Medians and quartiles are given.
Despite the direct A-B comparison between panned and true sources and despite using highly trained listeners, equalization with the PEP algorithm rendered panning errors undetectable in almost all conditions for almost all listeners.
Figure 3 shows results for the no-equalization baseline (*, black) and for equalization using filters derived from KEMAR-HRTFs (□, red). The results were evaluated according to signal detection theory for a yes/no-task. In figure 3 responses were collapsed over levels, directions and listeners. Without equalization, panning errors were detectable for most sounds (d′ 1). However, detectability was smaller for all wide-band noises compared to the speech-related sounds. The reasons for this are not clear at present, since all stimuli were temporally modulated and wide-band noises contained more energy at high frequencies than the speech-related sounds.
Panning equalization with averaged KEMAR-HRTFs rendered panning errors inaudible for all but one listener who detected the audible differences in the panning condition with speech sounds and with wide-band stimuli when the upper frequency was 7.7 kHz or higher. Median d’, however, was clearly below detection threshold for all stimuli. The other two equalization approaches lead to similar results. This is particularly interesting for equalization on the basis of the spherical head model which does not make assumptions about pinna cues. Apparently, even
without equalizing for cues originating from the pinna panning errors were inaudible. PEP should thus be perceptually correct for people wearing hearing devices which place microphones outside the pinna.
An additional listening test evaluated if remaining panning errors stemmed from spectrotemporal or overall level effects (data not shown). Level roving between the first and the second comparison stimulus made panning errors undetectable for all subjects (d’ = 0). This shows that subjects used minute level differences as the detection criterion. Timbral, temporal, or spatial cues could not be used, which is important for practical applications in the music industry.
A further test assessed the detection of panning errors in the primary sound in the presence of simulated room reflections. The introduction of reflections also rendered panning errors inaudible, thus demonstrating that perceptual equalization with the PEP algorithm is a viable approach even in real listening rooms with sound reflections.
CONCLUSIONSAn algorithm to equalize perceptual errors caused by playing coherent sounds from two nearby loudspeakers was presented and evaluated (PEP algorithm – Perceptually Equalized Panning).

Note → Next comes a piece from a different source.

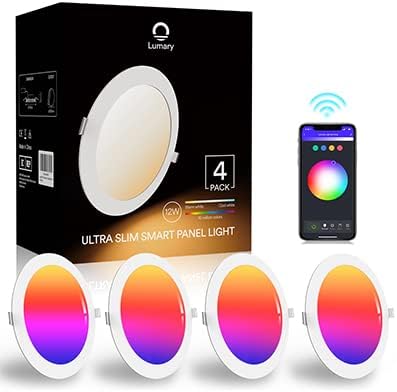 Lumary 12W LED Recessed Downlights Ceiling, Smart WiFi Slim Round Ceiling Light, 1000LM RGBW 2700K-6500K Dimmable, Compatible with Alexa, Google for Bedroom Living Room Kitchen, 17 x 2 cm, 4 Pack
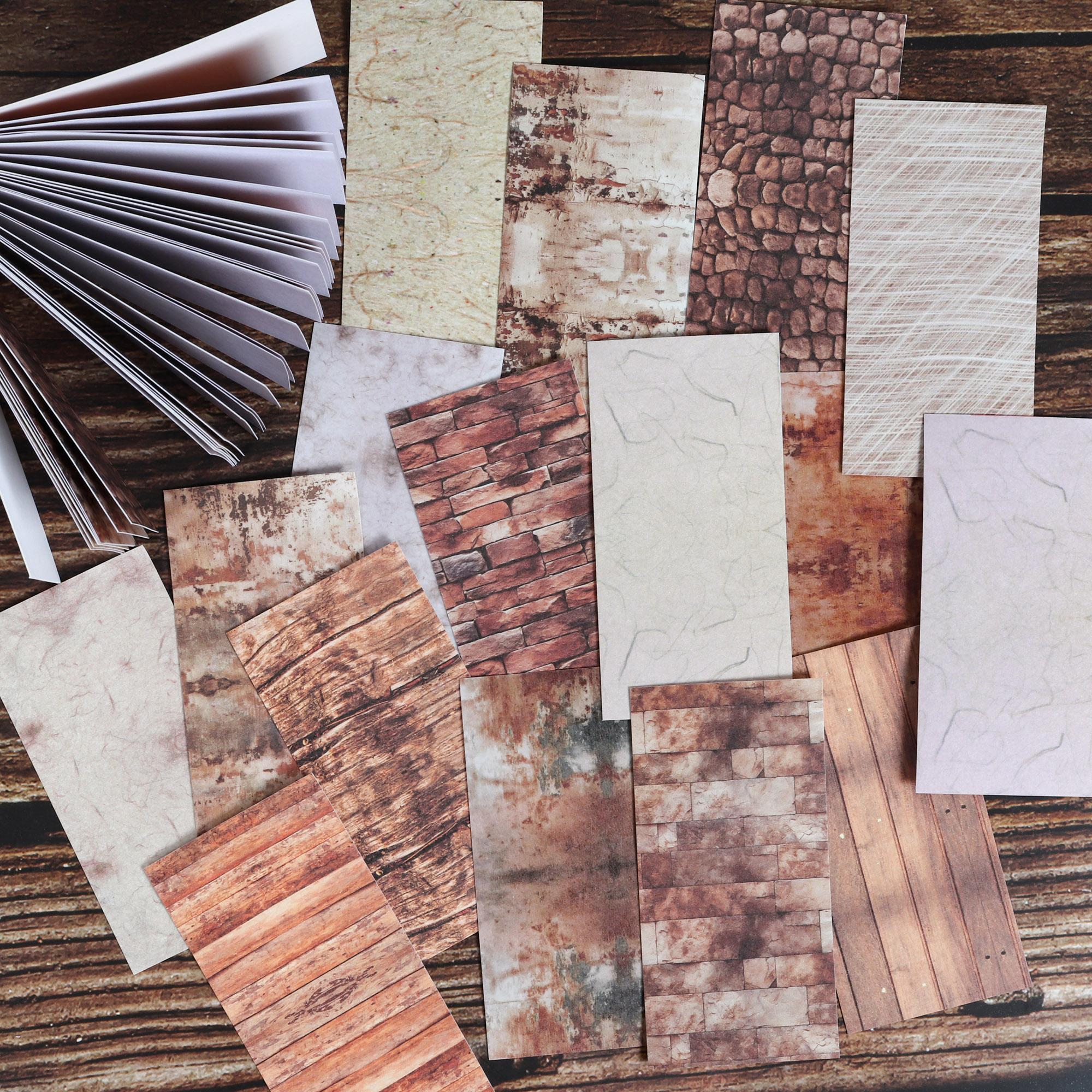 Vintage Texture Theme Self-adhesive Aesthetic Scrapbook Sticker Book, Sticker Album, 50 Sheets DIY Crafts, Collage Decoration, Creative Craft Kit, Scrapbooking Supplies, Scrapbook Materials, Junk Journals, Stickers Kit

The PEP algorithm lightweight to implement and sufficient to render panned sources from nearby speakers perceptually equivalent to real sources placed at the panned location. This is particularly important in practical applications where reflections are present where the algorithm likewise creates an accurate reproduction of timbral cues.
ACKNOWLEDGMENTSWe thankfully acknowledge the support by NIH RO1 DCD 00087.
REFERENCESDuda, R. O., and Martens, W. L. (1998). "Range dependence of the response of a spherical head model," J. Acoust. Soc. Am.
Fastl, H. (1987). "Ein Störgeräusch für die Sprachaudiometrie (A background noise for speech audiometry)," Audiologische Akustik 26, 2-13.
Gardner, B., and Martin, K. (1994). "HRTF Measurements of a KEMAR Dummy-Head Microphone," (MIT Media Lab).
Griesinger, D. (2002). "Stereo and Surround Panning in Practice," in Proceedings 112th AES Convention, Munich, edited by B.
C. J. Moore (Audio Eng. Soc.).
Hafter, E., and Seeber, B. (2004). "The Simulated Open Field Environment for auditory localization research," in Proc. ICA 2004, 18th Int. Congress on Acoustics, Kyoto, Japan, 4.-9.04.2004 (Int. Commission on Acoustics), pp. 3751-3754.
Mackersie, C. L., Boothroyd, A., and Minniear, D. (2001). "Evaluation of the Computer-assisted Speech Perception Assessment Test (CASPA)," J Am Acad Audiol 12, 390-396.